The image at far right is the harbor front at Marigot, the capitol of the French side.
High atop the hill overlooking the harbor is historic Fort St.Louis built in 1767. The red-hulled boat at
the pier is a water taxi used to get to the neighboring island of Anguilla.
The Dutch side of the island is more international in flavor and is home to several Casinos and the major airport, Juliana International. There are 35 beautiful beaches surrounding this island and all are public access; private ownership of the beach is not allowed. Dutch is the official language on the Dutch side of the island but it is very obvious that English is the preferred language. In all the years going to the island I have rarely heard conversations in Dutch.
The Wyndham Sapphire Beach Club, where we own time-shares, is located in the Lowlands section on the Dutch side, at Cupecoy Bay. The Sapphire is a deluxe 9 story structure situated northwest of Juliana Airport.
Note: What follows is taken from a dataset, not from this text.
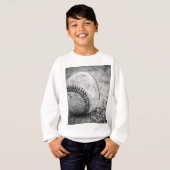 Baseball in zwart-wit t-shirt (Voorkant volledig)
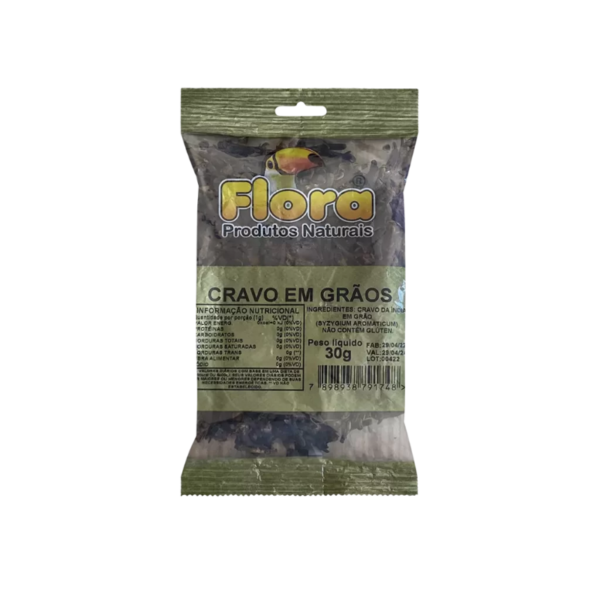 CRAVO EM GRAOS FLORA 30G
The photo on the left was taken from the top of Pic Paradis 424 meters (1390 feet) above sea level. Quartier D'Orléans is seen left center and Philipsburg is seen upper right. Two cruise ships are at the pier. Barely visible on the horizon is the island of St. Bartholomew (St. Barth's).
In the photo on the right are the gorgeous cliffs of Cupecoy Bay, a favorite photo spot on the island.
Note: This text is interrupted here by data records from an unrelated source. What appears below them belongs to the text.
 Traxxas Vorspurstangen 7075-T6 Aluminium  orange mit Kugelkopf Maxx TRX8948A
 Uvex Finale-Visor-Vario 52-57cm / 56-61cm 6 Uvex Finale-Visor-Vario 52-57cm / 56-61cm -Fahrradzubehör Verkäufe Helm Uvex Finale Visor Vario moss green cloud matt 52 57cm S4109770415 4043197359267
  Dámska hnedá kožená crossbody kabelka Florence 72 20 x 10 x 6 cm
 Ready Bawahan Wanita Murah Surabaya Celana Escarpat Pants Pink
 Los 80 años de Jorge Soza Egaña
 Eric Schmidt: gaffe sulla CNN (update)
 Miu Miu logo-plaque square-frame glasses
Both antennas break down and fit into a single hard-sided golf bag case. The reflector of the MA5B
was too long for the case, so my friend Roger (K8RS) cut the reflector in half, reinforced the element
pieces where they join with proper sized aluminum, then fashioned a connector out of solid aluminum.
Thanks for a great alteration Roger! Random size blocks of foam rubber are used in the case to stabilize
the aluminum to prevent shipping damage. The two antennas and the golf case weigh in at 53 lbs. With the new
airline limit of 50 pounds for a checked-in bag, the fastener container and a couple of the heavier pieces
had to be transferred to our other bags. The new weight requirements really present a challenge to mounting
a vacation ham radio experience but can be done with careful planning.
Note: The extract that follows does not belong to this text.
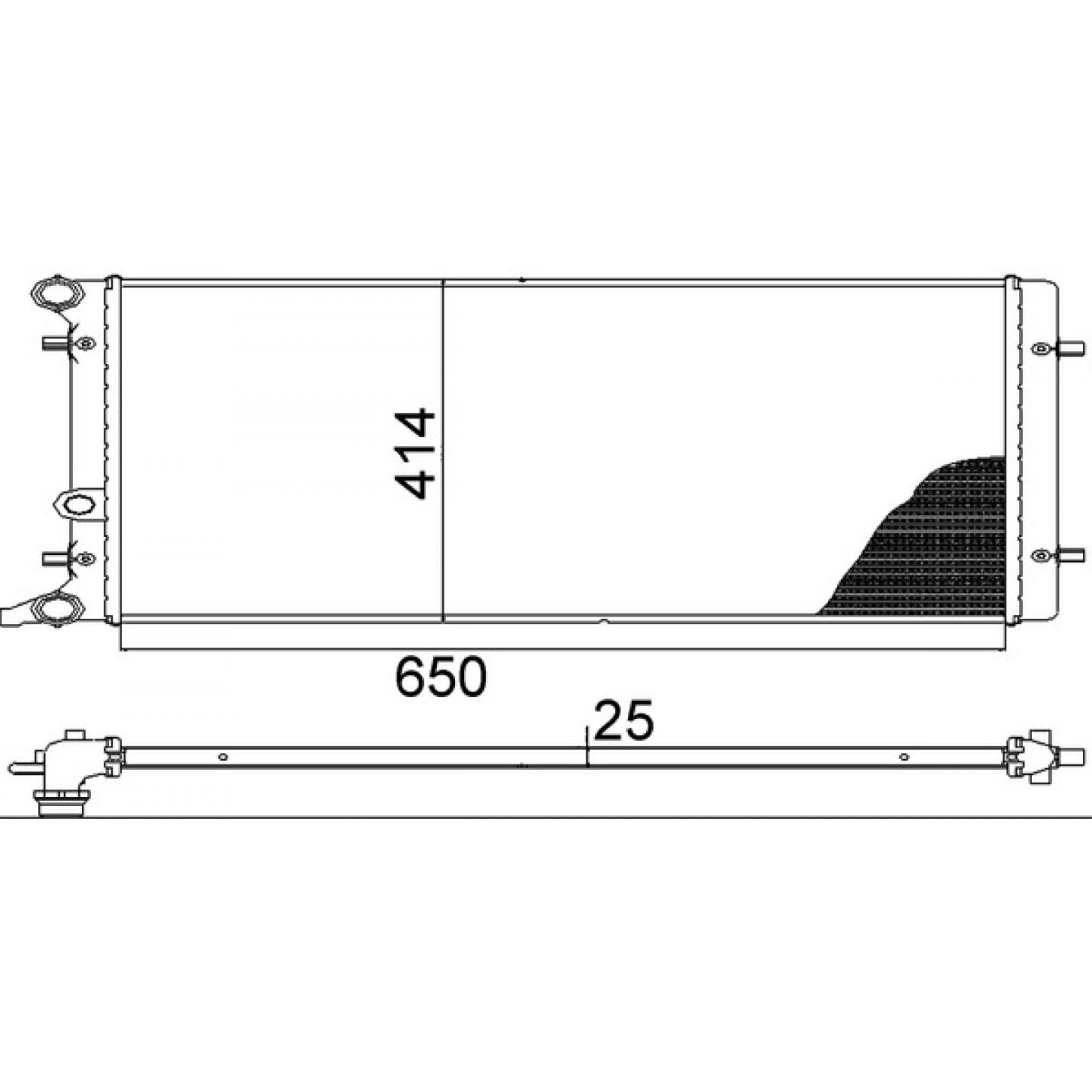 Radiateur MAHLE ORIGINAL CR 368 001S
A consideration for temporary antennas, unlike permanently mounted antennas, is that they will go through many cycles of assembly/disassembly. After tuning the antenna to my satisfaction, I used a scratch awl to mark the aluminum for consistent reassembly. I also labeled the parts as L1/R1 (left element one, right element one), L2/R2 etc., for the antennas to speed up identification. A very important consideration for stainless steel hardware is anti-seize prevention. Petroleum jelly applied to the threads works well for this and isn't as messy as anti-seize compound, although anti-seize compound is a better choice for home installations. Carrying extra heavy-duty zip lock bags for small parts is also a good idea as the shipping process takes its toll.